There are various names for the kinds of exclusion practiced within Mormonism. We (I’m still referring to myself as Mormon, though I don’t attend and don’t believe in the institutional church — it’s convenient that they have moved away from the label “Mormon,” at least for the current leadership) Mormons don’t practice anything like official “shunning.” There’s “disfellowshipping,” which is a formal stage of discipline where you may be asked to give up a temple recommend, not take the Sacrament, or to step down from a calling. There’s “excommunication,” which is when you are set apart from the church and if you want to return, you must be baptized again and go through the temple again to have a “restoration of blessings.”
But there are many, many other forms of exclusion. There is not being asked to take a calling, often because you are considered a contaminant and no one wants you to serve with the children or the youth, or because they can’t trust you to teach from the manuals. There’s the exclusion no one will admit to, when you are simply not asked to go to the private women’s lunches that other church friends go to. There’s the exclusion of not being allowed into the temple if you have given up your recommend for any reason at all, or because you have stopped paying a ten percent of your income to the church as tithing. There’s the exclusion of not having ministering sisters or brothers who contact you on a monthly basis, with or without a message, to see how you are.
And then there are all the subtler forms of exclusion. The way that people turn away at the grocery store. On the street. At the park. The way that people stare at your clothing, no longer in line with church modesty rules. The way they seem to whisper to others. The sense that you have that someone has taken your place in their friend group. The ridiculous neighborhood Christmas gifts or birthday cards that you no longer receive. You didn’t want them in the first place, so why do you care now? You don’t, but you notice. You’ve been on both sides. You know the consciousness of these choices.

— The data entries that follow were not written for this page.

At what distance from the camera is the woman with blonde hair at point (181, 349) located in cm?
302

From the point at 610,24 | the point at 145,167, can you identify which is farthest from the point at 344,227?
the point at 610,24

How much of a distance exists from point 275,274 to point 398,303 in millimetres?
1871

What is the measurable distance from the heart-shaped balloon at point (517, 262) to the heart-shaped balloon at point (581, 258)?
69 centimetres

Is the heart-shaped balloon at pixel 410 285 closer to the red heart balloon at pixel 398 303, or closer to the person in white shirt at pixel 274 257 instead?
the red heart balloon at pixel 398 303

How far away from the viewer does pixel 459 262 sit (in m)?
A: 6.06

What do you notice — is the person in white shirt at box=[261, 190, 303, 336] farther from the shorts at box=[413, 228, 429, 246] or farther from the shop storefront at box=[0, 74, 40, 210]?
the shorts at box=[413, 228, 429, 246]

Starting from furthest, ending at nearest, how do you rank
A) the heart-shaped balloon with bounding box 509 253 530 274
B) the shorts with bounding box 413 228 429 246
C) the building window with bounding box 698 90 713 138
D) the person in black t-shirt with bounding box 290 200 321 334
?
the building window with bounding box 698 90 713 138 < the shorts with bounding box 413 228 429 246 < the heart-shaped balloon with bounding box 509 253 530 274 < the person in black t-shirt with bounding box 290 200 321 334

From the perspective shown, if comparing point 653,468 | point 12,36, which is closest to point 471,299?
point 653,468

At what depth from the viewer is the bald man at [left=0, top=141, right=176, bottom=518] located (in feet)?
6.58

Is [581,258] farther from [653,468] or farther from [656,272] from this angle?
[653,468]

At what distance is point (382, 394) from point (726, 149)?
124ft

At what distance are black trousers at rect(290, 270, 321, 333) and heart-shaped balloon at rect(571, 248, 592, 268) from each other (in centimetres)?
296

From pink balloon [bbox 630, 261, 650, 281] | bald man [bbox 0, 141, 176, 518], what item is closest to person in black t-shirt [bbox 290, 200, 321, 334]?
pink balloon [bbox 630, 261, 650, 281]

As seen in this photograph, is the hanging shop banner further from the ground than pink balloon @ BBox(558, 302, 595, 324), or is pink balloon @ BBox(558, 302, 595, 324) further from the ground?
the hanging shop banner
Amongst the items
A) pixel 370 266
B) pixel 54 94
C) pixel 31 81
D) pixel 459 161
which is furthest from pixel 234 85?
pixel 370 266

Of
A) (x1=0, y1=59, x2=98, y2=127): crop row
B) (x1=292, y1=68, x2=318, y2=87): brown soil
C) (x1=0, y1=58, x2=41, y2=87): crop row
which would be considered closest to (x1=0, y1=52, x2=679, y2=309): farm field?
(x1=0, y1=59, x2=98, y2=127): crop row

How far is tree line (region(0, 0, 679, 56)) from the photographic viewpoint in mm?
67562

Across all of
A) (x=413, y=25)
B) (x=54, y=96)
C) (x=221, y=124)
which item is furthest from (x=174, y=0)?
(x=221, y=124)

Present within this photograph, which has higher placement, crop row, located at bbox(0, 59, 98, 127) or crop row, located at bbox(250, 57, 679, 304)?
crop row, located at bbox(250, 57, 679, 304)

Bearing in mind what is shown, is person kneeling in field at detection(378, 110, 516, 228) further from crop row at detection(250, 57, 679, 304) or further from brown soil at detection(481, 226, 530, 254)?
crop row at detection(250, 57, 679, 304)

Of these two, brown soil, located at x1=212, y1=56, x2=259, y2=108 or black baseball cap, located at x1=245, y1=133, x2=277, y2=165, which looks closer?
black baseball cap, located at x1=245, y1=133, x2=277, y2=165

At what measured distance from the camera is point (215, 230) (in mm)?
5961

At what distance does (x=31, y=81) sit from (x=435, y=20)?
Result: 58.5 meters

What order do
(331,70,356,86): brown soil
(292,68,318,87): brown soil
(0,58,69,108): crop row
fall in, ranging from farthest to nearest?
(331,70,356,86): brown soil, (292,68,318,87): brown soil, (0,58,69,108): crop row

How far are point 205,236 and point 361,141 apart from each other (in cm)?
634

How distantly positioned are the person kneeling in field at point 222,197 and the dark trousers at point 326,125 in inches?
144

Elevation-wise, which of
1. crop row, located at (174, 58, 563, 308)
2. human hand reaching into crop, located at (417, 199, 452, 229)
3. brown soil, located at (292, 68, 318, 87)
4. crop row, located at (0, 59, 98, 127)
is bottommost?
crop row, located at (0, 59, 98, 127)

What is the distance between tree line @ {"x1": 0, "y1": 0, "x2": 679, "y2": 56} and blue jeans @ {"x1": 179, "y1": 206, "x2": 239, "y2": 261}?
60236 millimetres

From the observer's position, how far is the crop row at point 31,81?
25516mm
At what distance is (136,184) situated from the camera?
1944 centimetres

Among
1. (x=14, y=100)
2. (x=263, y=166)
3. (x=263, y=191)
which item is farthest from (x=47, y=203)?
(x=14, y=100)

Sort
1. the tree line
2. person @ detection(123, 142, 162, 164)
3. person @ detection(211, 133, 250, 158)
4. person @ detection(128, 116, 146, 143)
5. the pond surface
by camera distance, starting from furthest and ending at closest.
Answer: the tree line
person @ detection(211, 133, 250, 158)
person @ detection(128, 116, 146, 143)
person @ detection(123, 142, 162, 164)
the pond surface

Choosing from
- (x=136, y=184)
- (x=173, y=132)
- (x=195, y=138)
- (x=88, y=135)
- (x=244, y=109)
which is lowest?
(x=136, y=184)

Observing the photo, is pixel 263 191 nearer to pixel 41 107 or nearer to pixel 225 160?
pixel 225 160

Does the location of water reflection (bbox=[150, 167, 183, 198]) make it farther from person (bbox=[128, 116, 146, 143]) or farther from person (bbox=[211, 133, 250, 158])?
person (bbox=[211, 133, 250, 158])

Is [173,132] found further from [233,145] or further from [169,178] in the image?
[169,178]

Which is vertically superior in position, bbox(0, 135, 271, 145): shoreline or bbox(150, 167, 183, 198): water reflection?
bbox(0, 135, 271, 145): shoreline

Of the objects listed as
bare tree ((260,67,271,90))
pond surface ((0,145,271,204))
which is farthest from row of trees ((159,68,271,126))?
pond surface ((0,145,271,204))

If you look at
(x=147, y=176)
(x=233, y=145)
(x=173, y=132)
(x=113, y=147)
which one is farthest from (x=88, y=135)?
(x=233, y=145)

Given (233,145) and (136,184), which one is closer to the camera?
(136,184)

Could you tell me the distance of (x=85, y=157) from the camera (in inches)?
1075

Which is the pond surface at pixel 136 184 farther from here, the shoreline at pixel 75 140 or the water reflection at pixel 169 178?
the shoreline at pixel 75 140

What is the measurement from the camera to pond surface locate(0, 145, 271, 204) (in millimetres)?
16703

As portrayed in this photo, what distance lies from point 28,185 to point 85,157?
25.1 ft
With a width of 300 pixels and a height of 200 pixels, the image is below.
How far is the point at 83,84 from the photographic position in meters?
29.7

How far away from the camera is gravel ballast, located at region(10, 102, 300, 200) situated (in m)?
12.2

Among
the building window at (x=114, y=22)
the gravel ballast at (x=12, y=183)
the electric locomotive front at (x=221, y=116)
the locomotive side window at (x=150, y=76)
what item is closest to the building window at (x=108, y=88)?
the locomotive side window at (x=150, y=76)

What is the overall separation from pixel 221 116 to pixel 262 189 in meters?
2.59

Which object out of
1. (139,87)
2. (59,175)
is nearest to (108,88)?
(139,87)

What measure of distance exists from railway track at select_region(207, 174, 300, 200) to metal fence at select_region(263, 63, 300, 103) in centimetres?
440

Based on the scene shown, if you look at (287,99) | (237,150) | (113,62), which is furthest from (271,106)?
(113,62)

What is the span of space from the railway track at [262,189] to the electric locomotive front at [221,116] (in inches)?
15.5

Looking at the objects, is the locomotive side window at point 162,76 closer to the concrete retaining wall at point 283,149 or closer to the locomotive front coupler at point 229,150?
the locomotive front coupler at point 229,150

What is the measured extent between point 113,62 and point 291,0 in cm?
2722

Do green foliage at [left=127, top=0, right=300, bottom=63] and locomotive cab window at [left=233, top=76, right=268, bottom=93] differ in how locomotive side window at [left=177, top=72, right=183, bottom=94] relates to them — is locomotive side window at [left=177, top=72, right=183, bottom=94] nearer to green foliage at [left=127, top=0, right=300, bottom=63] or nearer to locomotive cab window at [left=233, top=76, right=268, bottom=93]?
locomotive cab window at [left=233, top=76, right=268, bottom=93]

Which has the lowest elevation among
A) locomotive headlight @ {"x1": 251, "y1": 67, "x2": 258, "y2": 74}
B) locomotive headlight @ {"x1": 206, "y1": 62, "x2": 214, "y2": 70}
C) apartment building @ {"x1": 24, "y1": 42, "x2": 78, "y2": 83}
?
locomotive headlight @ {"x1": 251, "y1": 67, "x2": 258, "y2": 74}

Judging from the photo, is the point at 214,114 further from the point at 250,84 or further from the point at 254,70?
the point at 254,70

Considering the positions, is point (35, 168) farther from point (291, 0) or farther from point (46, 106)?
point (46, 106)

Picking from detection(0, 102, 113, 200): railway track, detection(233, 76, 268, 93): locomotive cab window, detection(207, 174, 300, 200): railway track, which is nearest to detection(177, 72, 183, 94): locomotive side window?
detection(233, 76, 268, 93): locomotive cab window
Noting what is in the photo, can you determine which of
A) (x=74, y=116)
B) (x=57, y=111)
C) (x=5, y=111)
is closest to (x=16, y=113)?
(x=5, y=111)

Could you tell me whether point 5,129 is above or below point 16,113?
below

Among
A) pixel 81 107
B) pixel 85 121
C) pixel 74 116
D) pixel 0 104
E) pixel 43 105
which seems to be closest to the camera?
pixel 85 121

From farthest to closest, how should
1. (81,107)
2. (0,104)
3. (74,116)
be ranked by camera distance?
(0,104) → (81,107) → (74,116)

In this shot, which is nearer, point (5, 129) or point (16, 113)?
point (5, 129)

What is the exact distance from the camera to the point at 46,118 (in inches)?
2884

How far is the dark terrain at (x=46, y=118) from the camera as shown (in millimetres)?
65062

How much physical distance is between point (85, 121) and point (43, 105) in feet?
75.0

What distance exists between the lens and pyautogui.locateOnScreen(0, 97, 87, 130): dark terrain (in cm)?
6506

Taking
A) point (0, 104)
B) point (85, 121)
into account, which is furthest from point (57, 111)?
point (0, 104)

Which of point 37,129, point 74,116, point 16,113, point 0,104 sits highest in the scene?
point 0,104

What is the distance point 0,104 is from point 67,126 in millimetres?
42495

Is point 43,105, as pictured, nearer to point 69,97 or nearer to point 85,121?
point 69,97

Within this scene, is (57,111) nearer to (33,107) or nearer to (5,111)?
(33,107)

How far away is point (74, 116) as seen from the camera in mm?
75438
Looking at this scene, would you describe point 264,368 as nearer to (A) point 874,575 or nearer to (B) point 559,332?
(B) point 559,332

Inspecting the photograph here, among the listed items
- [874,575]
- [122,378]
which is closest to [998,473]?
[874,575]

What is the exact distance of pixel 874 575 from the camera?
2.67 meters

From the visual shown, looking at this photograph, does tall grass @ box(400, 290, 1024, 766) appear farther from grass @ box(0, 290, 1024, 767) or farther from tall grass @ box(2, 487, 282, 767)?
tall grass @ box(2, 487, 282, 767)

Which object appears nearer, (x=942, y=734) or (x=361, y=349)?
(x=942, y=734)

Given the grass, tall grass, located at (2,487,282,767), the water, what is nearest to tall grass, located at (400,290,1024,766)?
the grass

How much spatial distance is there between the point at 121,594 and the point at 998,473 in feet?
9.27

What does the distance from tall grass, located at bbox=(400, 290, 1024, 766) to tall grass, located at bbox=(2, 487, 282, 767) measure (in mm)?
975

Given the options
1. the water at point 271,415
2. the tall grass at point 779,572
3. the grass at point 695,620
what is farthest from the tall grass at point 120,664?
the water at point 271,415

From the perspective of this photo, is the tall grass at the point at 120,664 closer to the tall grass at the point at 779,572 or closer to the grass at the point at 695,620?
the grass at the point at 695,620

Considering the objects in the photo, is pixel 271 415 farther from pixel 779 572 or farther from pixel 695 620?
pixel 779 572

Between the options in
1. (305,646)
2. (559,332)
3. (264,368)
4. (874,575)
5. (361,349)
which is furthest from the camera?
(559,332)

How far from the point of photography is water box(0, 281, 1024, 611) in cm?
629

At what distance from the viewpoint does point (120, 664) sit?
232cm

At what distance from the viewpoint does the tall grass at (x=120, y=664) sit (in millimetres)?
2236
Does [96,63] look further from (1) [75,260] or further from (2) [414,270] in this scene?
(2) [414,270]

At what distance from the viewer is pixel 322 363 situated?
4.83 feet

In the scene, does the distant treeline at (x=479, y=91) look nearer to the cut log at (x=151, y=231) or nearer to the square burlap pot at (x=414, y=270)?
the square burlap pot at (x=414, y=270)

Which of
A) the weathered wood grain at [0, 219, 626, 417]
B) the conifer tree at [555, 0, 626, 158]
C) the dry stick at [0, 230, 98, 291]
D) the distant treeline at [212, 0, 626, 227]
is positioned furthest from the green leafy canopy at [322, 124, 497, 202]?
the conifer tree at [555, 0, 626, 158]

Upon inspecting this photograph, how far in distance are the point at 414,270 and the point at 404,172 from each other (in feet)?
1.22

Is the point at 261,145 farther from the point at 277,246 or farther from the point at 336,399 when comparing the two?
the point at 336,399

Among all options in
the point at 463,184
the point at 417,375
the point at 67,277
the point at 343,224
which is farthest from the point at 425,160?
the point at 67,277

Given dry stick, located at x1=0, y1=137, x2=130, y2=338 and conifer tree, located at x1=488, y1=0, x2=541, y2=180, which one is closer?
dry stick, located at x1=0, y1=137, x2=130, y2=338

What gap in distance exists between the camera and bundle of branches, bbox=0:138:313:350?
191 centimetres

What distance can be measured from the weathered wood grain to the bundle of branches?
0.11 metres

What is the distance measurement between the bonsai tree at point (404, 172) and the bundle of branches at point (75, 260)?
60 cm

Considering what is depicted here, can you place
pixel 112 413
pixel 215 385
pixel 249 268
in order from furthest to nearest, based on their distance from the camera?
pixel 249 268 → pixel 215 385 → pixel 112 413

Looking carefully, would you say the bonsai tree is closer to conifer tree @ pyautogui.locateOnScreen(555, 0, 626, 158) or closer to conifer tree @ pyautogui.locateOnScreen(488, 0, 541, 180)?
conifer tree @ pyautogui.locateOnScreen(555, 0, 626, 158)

I always thought that these forms of exclusion were meant to help bring people back who had sinned. But now I wonder if that is the point, are these really the best ways to bring people back? If I had committed some sin and felt remorse for it, would exclusion help me to find my way back? It raises the stakes, certainly. It is a threat — this will get worse if you don’t work very, very hard to make everyone believe you belong to the “in group” again. If the point was to heal the breach, is this really what we would do? Why not assure them that they only have to want to stay, and they are welcome? Why not offer an overabundance of love instead? Why not show forgiveness immediately and in a divine fashion, to be remember no more? Why the insistence that they prove that they are “worthy” to return?
This is when I begin to see that this isn’t about morality and never has been. This is not even about the sinner. It is about establishing rules. It is about maintaining the boundaries between in-group and out-group. It is to make it clear to the one who has made a mistake what exactly they will be giving up if they do not move heaven and earth to return. But more than anything else, it is about reminding those who have done nothing wrong what will happen if they even consider it. Here is the reminder of the one who is sent away. Do you want that to happen to you? See their pain. Do you want that pain? Then step far away from the edge.
There’s a famous anecdote within Mormonism about a man hiring a trail guide. He asks the guide how close to the edge of a trail he can go. The first guide shows how close he can get. The second guide gets even closer to the edge. The third guide says that he stays as far from the edge as possible. Of course, the point of the story is to tell the listeners to stay far from the edge. That is the point of shunning. It is the head on a stick, the spectacle of a hanging or an electrocution. It is the community’s way of warning us what will happen if we don’t follow the rules.
For me, it is interesting how this worked. I believed that I never wanted to stray from the community. And then, suddenly, it turned out that I couldn’t help but begin to speak about who I was and what I believed, even if they weren’t what they had been. I found that pretending came at the cost of my own mental health. I had friends outside of Mormonism. I hadn’t been raised so much in fundamentalism that my experience was closed off to Mormons alone. But I still feared the consequences of my speaking out. I told myself that I could go this close to the edge and not be excommunicated. I told myself that I knew the consequences were possible, but they weren’t likely.
Until the time came when I had to jump over the edge completely. And I did not look back. I had already been taught too well that there was nothing left on the other side. Not for me.